**HOW TO COMPLETE THIS TASK**
Since pictures are not part of the copy, please output only the lines from the one with "Gần 50.000 khán" through the end of the data below, exactly as written.

**RECORDS FOR THE TASK**

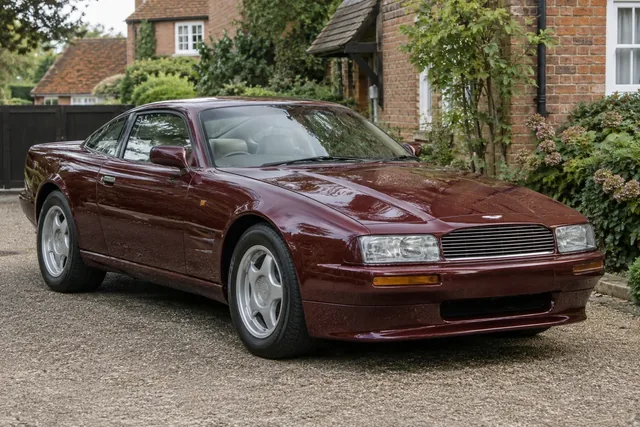 Aston Martin Virage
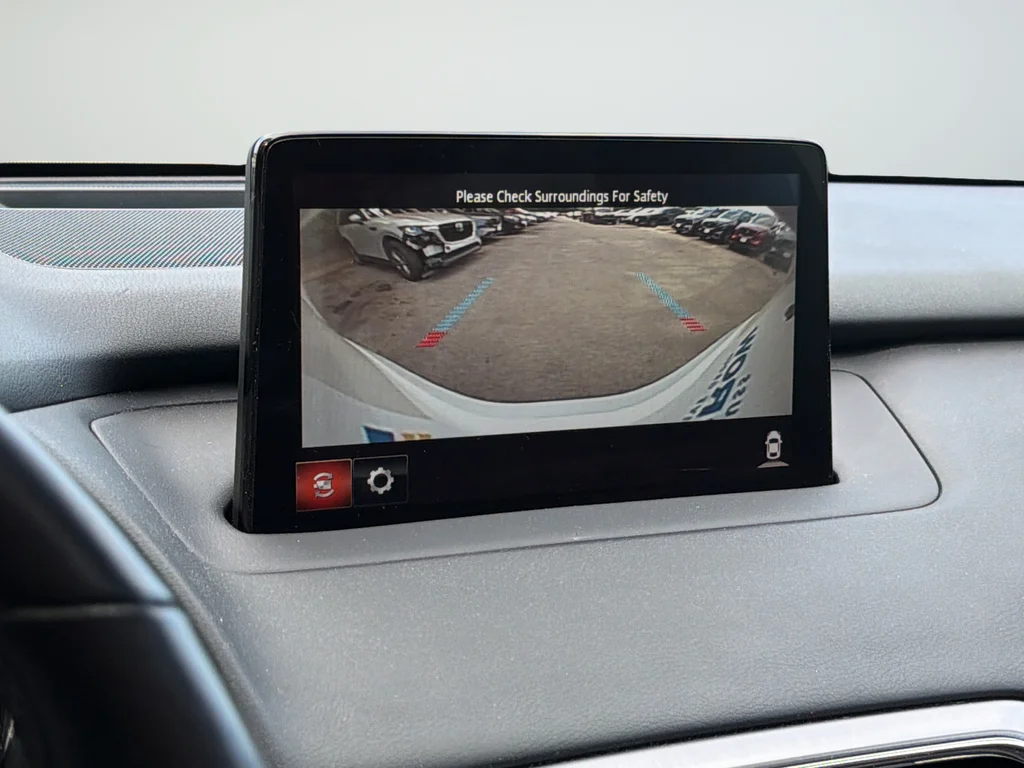 Used 2020 White Mazda Signature image 15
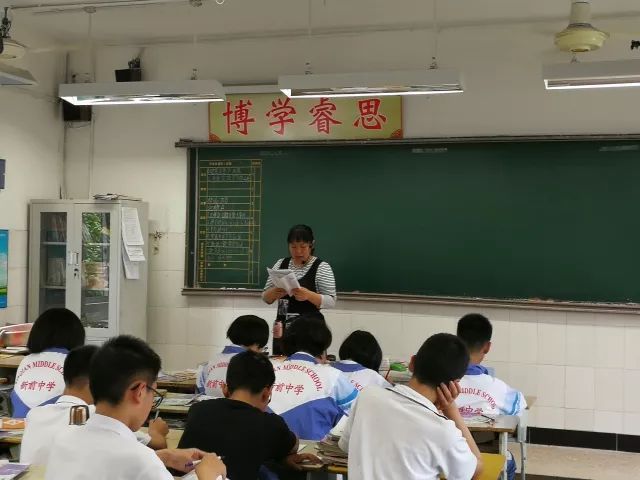 我的美母教师_老师妈妈的小学生作文_学生眼中的老师妈妈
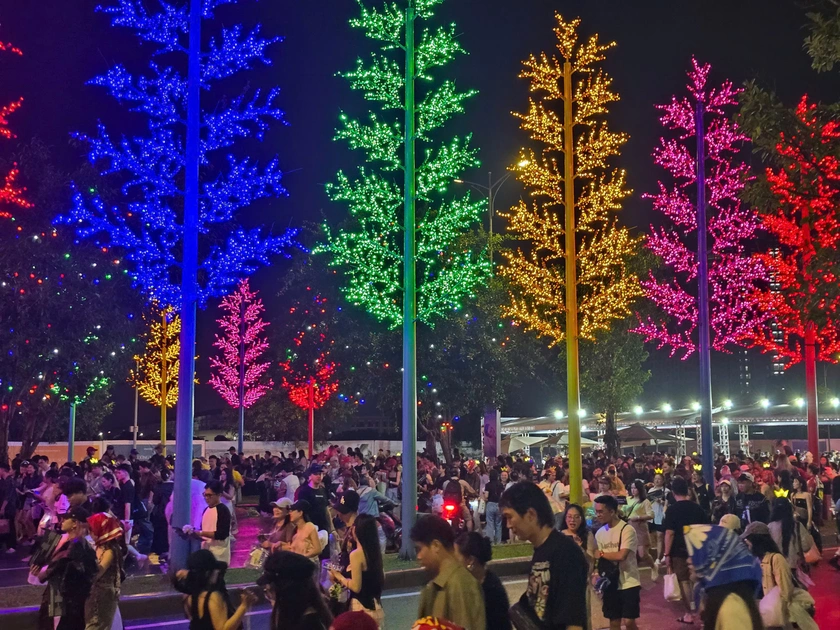 Gần 50.000 khán giả "cháy" hết mình cùng "ông hoàng" Kpop G-Dragon trong đêm diễn thứ 2 - Ảnh 3.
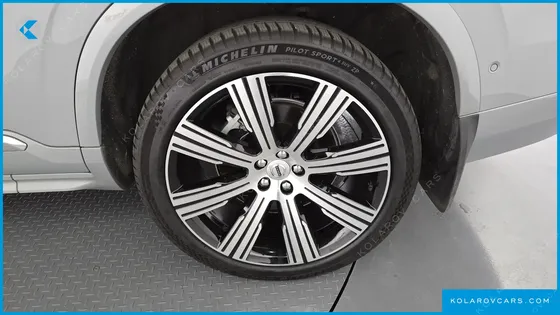 VOLVO XC90 B6 ULTIMATE BRIGHT
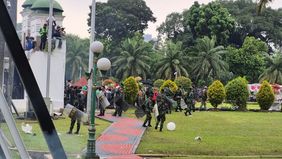 Sejumlah personel TNI Angkatan Darat berusaha meredam amarah massa demonstran yang berkumpul di depan pintu utama Gedung DPR/MPR RI, Jakarta Pusat, Jumat siang. Mereka menghampiri kerumunan dengan perlahan sambil mencoba bernegosiasi.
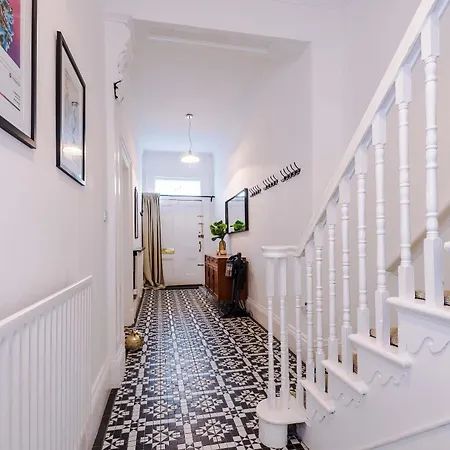 Smedley House Apartment *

**COMPLETED TASK**
 Gần 50.000 khán giả "cháy" hết mình cùng "ông hoàng" Kpop G-Dragon trong đêm diễn thứ 2 - Ảnh 3.
 VOLVO XC90 B6 ULTIMATE BRIGHT
 Sejumlah personel TNI Angkatan Darat berusaha meredam amarah massa demonstran yang berkumpul di depan pintu utama Gedung DPR/MPR RI, Jakarta Pusat, Jumat siang. Mereka menghampiri kerumunan dengan perlahan sambil mencoba bernegosiasi.
 Smedley House Apartment *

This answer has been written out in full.